Matt Mauck

No. 8
- Position: Quarterback

Personal information
- Born: February 12, 1979 (age 47) Jasper, Indiana, U.S.
- Listed height: 6 ft 2 in (1.88 m)
- Listed weight: 220 lb (100 kg)

Career information
- High school: Jasper
- College: LSU (2000–2003)
- NFL draft: 2004: 7th round, 225th overall pick

Career history
- Denver Broncos (2004); Tennessee Titans (2005–2006);

Awards and highlights
- BCS national champion (2003); Second-team All-SEC (2003);

Career NFL statistics
- Passing attempts: 27
- Passing completions: 15
- Completion percentage: 55.6%
- TD–INT: 0–1
- Passing yards: 136
- Passer rating: 53.9
- Stats at Pro Football Reference

= Matt Mauck =

American football player (born 1979)

Matthew Ryan Mauck (born February 12, 1979) is an American former professional football player who was a quarterback in the National Football League (NFL) for the Denver Broncos and Tennessee Titans. He played college football for the LSU Tigers, winning the national championship in 2003.

==Baseball career==
Mauck was a star baseball and football player at Jasper High School in Jasper, Indiana, and, as a pitcher, center fielder and third baseman, helped lead the high school baseball team to state baseball championships in 1996 and 1997. He also led the football team to the state finals as a quarterback and defensive back in 1995. He originally committed to play quarterback for head coach Nick Saban at Michigan State out of high school in 1997. Ultimately, however, he chose to sign a Major League Baseball contract with the Chicago Cubs after he was selected in the sixth round of the 1997 MLB draft, instead of playing college football. He would play on the minor league level in the Cubs organization for three years, before returning to college to play football.

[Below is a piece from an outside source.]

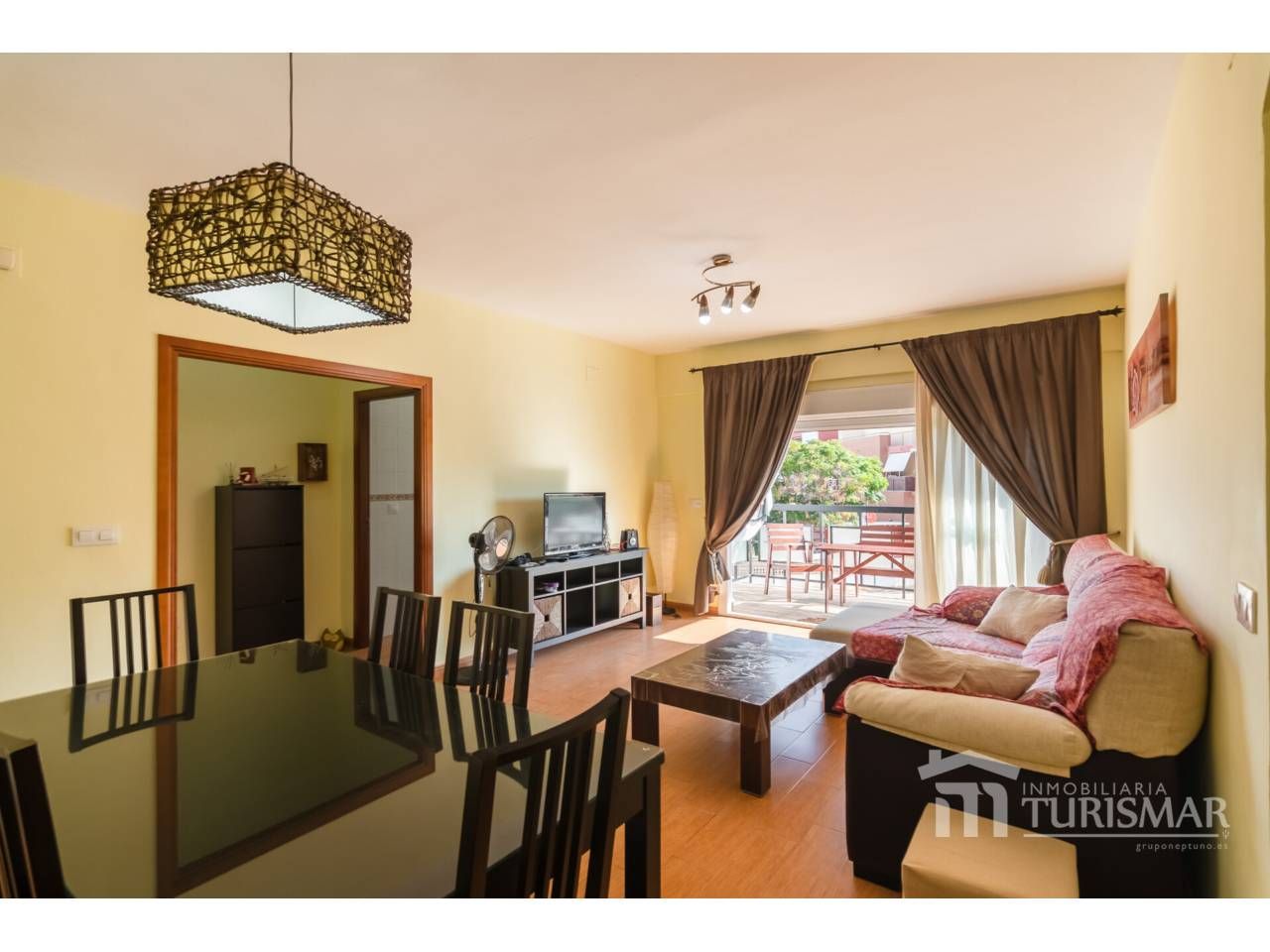 Sala d'estar de Apartament en venda en Ayamonte amb Terrassa i Moblat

==College football career==
Mauck accepted an offer to play football at LSU in 2000. LSU was coached at the time by Nick Saban, the same coach who recruited him to play football at Michigan State three years earlier. Saban had just accepted an offer to come to LSU, and was looking for depth at the quarterback position. Mauck was redshirted during the 2000 season, and saw limited action during 2001 regular season. His first significant action came during the 2001 SEC Championship Game, when he came off the bench to replace injured starting quarterback Rohan Davey. Mauck would run for two touchdowns, leading the underdog Tigers to a come-from-behind 31–20 victory over the heavily favored #2 Tennessee Volunteers.

===2002 season===
In 2002, Mauck entered the regular season as the starting quarterback, beating out Marcus Randall and Rick Clausen. He led the Tigers to a 5–1 start, but was lost for the season with a broken foot during the sixth game. The Tigers slumped after the injury, finishing the season with an 8–5 record.

===2003 season===
He returned as the starting quarterback for his junior season in 2003, and led LSU to its best season in 45 years. He set an LSU record, throwing 28 touchdowns during the season. LSU finished the regular season with an 11–1 record, and then beat Georgia 34–13 in the 2003 SEC Championship Game. The victory helped the Tigers earn a berth in the 2003 BCS Championship Game, the 2004 Sugar Bowl vs. Oklahoma. Mauck did not have a great game in the Sugar Bowl, throwing two interceptions and no touchdowns. However, the Tigers won the game 21–14, earning LSU the BCS National Championship.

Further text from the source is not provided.